▶ [The data]
○ ○ ○ ○
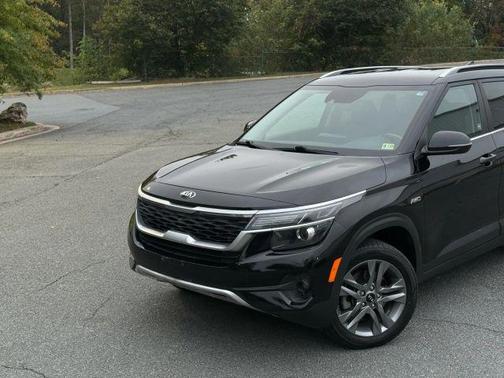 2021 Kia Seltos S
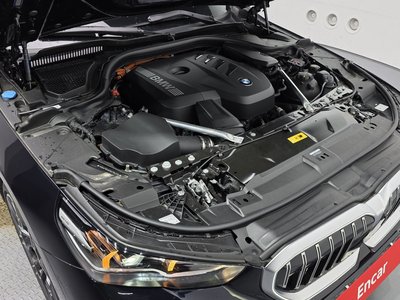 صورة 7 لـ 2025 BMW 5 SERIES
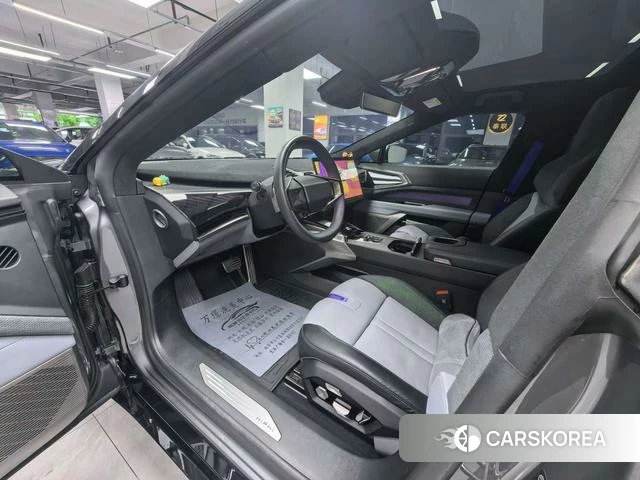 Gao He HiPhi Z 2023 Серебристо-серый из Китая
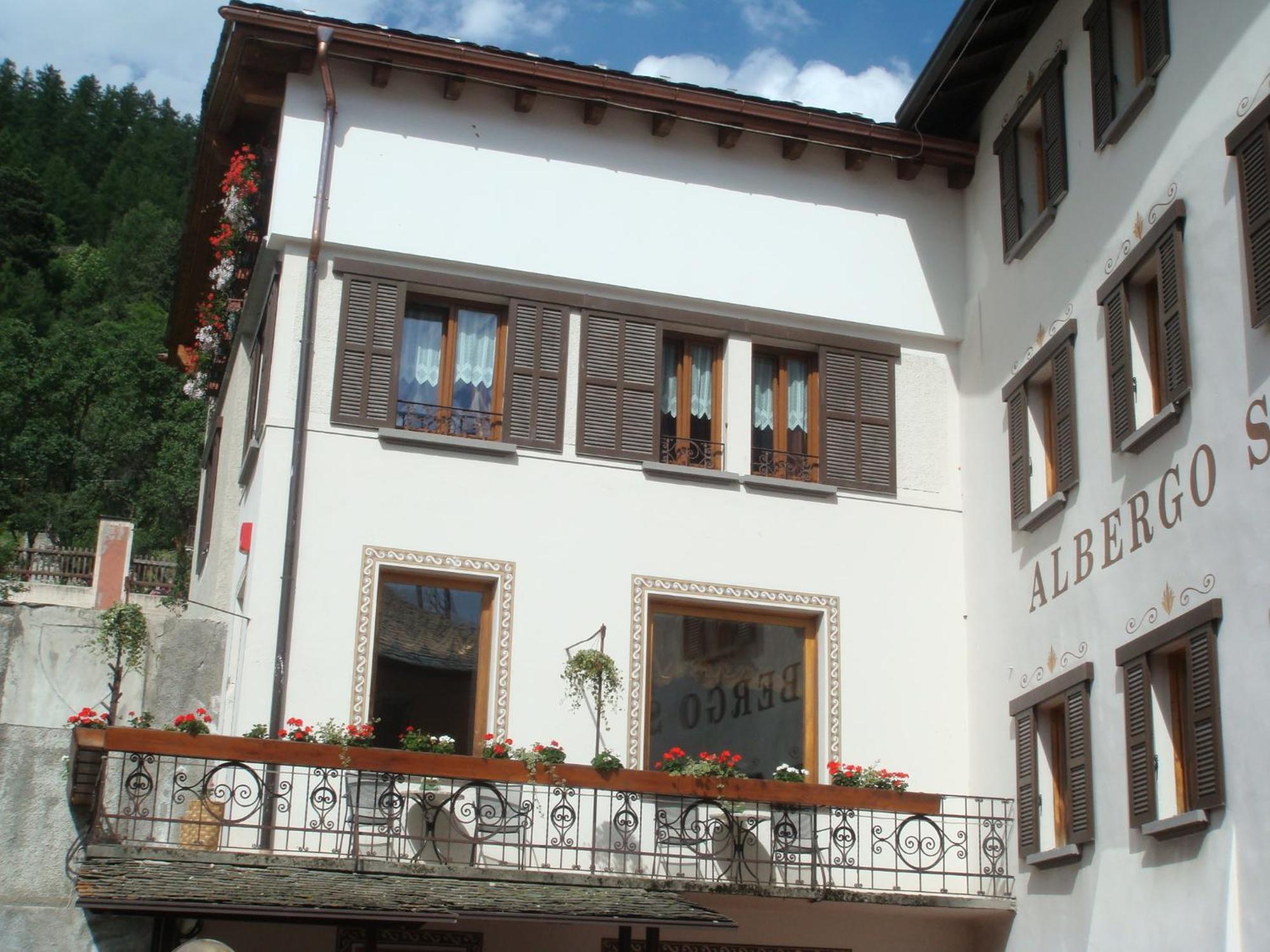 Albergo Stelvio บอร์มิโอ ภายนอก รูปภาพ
○ ○ ○ ○
▶ [Exercise]
Begin at the line containing "صورة 7 لـ 2025 BMW 5 SERIES" and restate exactly every line through the end of the material, skipping the pictures.

▶ [Answer to this exercise]
 صورة 7 لـ 2025 BMW 5 SERIES
 Gao He HiPhi Z 2023 Серебристо-серый из Китая
 Albergo Stelvio บอร์มิโอ ภายนอก รูปภาพ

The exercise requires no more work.